Crawled caption data

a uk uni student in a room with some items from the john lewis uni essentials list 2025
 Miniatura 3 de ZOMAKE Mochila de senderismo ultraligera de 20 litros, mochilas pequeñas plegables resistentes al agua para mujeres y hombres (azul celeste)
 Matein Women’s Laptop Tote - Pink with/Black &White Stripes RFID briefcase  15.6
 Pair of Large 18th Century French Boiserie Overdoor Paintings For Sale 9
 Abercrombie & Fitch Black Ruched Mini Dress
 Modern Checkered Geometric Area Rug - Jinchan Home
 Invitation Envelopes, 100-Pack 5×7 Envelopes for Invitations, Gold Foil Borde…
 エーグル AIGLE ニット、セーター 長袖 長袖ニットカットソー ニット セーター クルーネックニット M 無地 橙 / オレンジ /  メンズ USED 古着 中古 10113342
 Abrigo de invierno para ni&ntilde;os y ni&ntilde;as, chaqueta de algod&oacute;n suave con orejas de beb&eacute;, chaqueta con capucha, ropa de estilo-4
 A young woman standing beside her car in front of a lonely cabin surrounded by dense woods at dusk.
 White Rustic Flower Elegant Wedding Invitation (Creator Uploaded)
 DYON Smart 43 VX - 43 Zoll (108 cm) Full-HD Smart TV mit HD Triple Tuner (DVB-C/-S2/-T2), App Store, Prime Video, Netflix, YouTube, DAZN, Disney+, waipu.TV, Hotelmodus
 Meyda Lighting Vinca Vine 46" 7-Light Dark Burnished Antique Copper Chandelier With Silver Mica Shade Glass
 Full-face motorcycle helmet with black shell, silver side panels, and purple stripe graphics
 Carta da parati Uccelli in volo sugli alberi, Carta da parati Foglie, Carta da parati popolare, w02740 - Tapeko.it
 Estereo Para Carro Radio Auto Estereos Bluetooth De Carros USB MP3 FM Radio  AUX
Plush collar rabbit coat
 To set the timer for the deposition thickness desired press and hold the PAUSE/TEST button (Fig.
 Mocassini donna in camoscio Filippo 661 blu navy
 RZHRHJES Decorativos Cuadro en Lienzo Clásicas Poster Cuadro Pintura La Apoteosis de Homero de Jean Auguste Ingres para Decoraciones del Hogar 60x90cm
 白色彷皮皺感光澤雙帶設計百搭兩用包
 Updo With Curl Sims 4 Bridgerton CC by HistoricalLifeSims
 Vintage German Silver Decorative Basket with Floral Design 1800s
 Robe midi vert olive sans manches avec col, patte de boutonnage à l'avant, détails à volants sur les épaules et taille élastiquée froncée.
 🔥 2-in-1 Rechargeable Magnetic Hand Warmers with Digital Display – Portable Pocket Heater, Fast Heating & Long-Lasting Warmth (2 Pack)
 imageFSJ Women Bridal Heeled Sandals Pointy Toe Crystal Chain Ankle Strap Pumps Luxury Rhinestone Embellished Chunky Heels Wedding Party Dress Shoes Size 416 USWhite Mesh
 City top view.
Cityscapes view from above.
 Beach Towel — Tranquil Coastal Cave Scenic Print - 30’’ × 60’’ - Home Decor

§ **EXERCISE**
Copy the stretch of the records above that runs from the line with "Updo With Curl" through the line with "Warmth (2 Pack)". Both end lines belong in the copy, and nothing else does.

§ **SOLUTION BELOW**
 Updo With Curl Sims 4 Bridgerton CC by HistoricalLifeSims
 Vintage German Silver Decorative Basket with Floral Design 1800s
 Robe midi vert olive sans manches avec col, patte de boutonnage à l'avant, détails à volants sur les épaules et taille élastiquée froncée.
 🔥 2-in-1 Rechargeable Magnetic Hand Warmers with Digital Display – Portable Pocket Heater, Fast Heating & Long-Lasting Warmth (2 Pack)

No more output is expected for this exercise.